Records for the exercise:
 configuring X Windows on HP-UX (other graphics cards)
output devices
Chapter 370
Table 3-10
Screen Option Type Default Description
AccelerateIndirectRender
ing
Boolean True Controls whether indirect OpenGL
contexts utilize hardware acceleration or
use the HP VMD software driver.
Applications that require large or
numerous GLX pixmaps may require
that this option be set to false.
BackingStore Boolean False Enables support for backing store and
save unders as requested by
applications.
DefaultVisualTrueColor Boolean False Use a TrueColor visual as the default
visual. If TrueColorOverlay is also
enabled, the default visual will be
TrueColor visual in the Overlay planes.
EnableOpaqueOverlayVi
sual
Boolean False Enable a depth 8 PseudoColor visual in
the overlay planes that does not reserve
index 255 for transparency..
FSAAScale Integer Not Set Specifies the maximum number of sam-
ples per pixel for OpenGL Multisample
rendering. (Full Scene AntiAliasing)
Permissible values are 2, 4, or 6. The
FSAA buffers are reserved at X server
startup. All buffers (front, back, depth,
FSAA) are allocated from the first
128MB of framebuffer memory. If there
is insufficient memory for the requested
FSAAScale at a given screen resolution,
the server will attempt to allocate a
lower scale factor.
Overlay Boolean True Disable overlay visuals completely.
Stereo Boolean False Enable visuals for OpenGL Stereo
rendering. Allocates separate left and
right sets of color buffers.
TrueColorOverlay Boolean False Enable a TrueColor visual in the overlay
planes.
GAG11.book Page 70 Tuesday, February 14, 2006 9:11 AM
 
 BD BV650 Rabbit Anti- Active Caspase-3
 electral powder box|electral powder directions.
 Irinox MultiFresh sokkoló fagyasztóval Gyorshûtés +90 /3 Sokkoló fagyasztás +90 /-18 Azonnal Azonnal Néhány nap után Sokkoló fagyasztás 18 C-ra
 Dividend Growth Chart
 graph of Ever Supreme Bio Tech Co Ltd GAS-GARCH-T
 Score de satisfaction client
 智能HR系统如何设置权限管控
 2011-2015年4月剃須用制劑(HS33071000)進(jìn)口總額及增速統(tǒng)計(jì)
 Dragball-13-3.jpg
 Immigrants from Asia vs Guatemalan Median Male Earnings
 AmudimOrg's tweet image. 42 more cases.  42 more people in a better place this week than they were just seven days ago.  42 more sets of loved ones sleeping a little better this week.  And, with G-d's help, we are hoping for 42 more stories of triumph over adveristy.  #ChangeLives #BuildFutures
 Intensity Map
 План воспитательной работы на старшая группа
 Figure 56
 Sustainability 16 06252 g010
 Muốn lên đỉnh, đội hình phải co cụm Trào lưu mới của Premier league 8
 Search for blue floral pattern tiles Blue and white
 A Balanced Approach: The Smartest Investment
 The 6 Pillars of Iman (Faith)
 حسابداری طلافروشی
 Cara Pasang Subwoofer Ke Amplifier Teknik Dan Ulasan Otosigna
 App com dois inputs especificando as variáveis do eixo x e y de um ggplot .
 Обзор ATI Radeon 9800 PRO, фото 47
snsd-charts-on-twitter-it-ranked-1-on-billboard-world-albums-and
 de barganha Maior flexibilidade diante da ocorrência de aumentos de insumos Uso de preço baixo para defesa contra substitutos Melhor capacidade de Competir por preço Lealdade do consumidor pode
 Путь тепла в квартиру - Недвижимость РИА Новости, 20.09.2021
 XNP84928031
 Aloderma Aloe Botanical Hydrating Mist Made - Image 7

Problem to work on: Say how many lines in the listing above include "OpenGL". Give nothing but the number.

Exercise solution: 3